No podría precisar a partir de qué momento fui cambiando mi manera de percibir la vida. Yo siempre fui un tipo acomodaticio a las circunstancias. Como parecía serlo Thomas. Sin embargo en ese momento me encontraba en una aventura muy rara. Y mis acompañantes no eran menos extraños. Cada uno de ellos tenía un motivo para ir tras los datos de ese misterioso mensaje dejado por un hombre hacía siglos. Lo sorprendente es que Thomas había llegado a la misma conclusión que yo, haciendo uso de un supuesto manuscrito mágico. ¿Acaso no era cosa de orates? Pero ¿cómo podía no creerle después de todo lo que había dicho? Mi último encuentro con Spiros, el golpe que encajó, la tarjeta que me deslizó Erasmus, mi encuentro con Krista… Nadie sabía esos detalles. Y Thomas sentado a mi lado se veía tan confiado que hasta inspiraba cierta ternura. ¿Qué más sabría de mi vida? Tal vez Huguette sintiera algún asomo de interés por mí. De inmediato deseché la idea. Si fuese así ella sería la primera en haberme llamado, porque la conozco. Siempre se dejaba llevar por sus impulsos.

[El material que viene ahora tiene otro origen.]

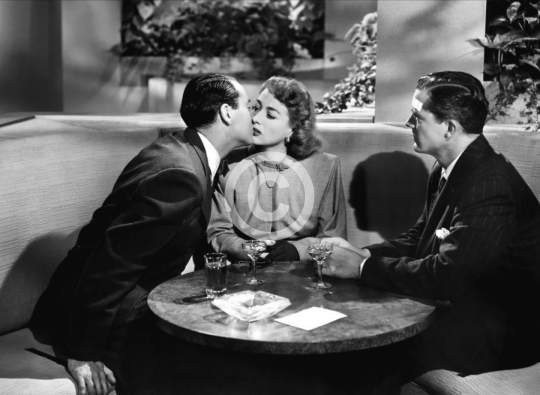 Andrews, Dana (Daisy Kenyon)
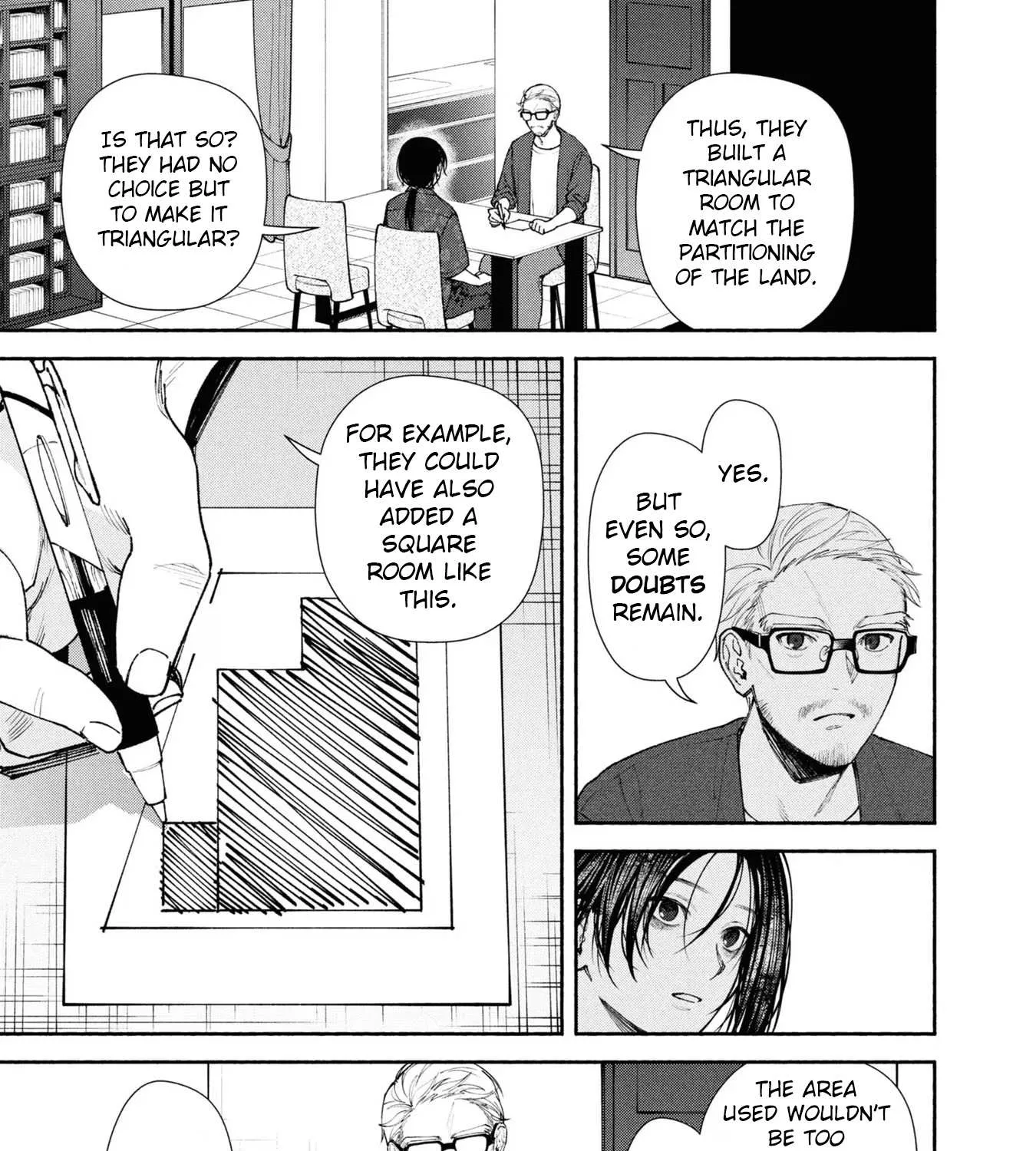 Read Hen na Ie chapter 4 image 68 on Lezhin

—Debemos comprar algunas herramientas —dijo Erasmus arrancándome de mi abstracción. Cuando atravesamos el siguiente pueblo, paró el coche frente a una ferretería.
Bajé con él y compramos linternas, una pala, un pico, un rollo de cuerda grueso y los únicos dos pares de guantes de trabajo que tenían. Guardamos todo en el maletero y seguimos camino hacia Finisterre.
—Ese manuscrito brilla de noche, ¿sabes el motivo? —pregunté a Thomas en un intento de iniciar alguna conversación que me llevase hacia donde ni yo mismo sabía.
—¿Lo viste brillar? —preguntó Thomas con vivacidad, como si el detalle fuese importante.
—Lo vi. Cuando pasé a tu lado para estirar las piernas en el avión vi que el anillado brillaba como si tuviera luz propia. Claro que también pudo ser el reflejo de alguna luz en la cabina del avión.
—El destello tiene que ver con el contenido. Cuando lo estuve leyendo brillaba de manera casi permanente. Una vez que quedó en blanco dejó de hacerlo.
—¿Me permites?
—Claro.
Al tener el manuscrito en mis manos volví a percibir el brillo del anillado. Sentí que el corazón empezaba a latirme apresuradamente. Thomas también lo notó, levantó la vista y me miró. Percibí cierto desasosiego en él. Lo abrí y vi escrito el primer folio, mientras Thomas no salía de su asombro. Puse un dedo en mis labios, él cerró la boca y guardó silencio. Toqué el hombro de Krista, hice una seña a Erasmus a través del retrovisor y empecé a leer en voz alta.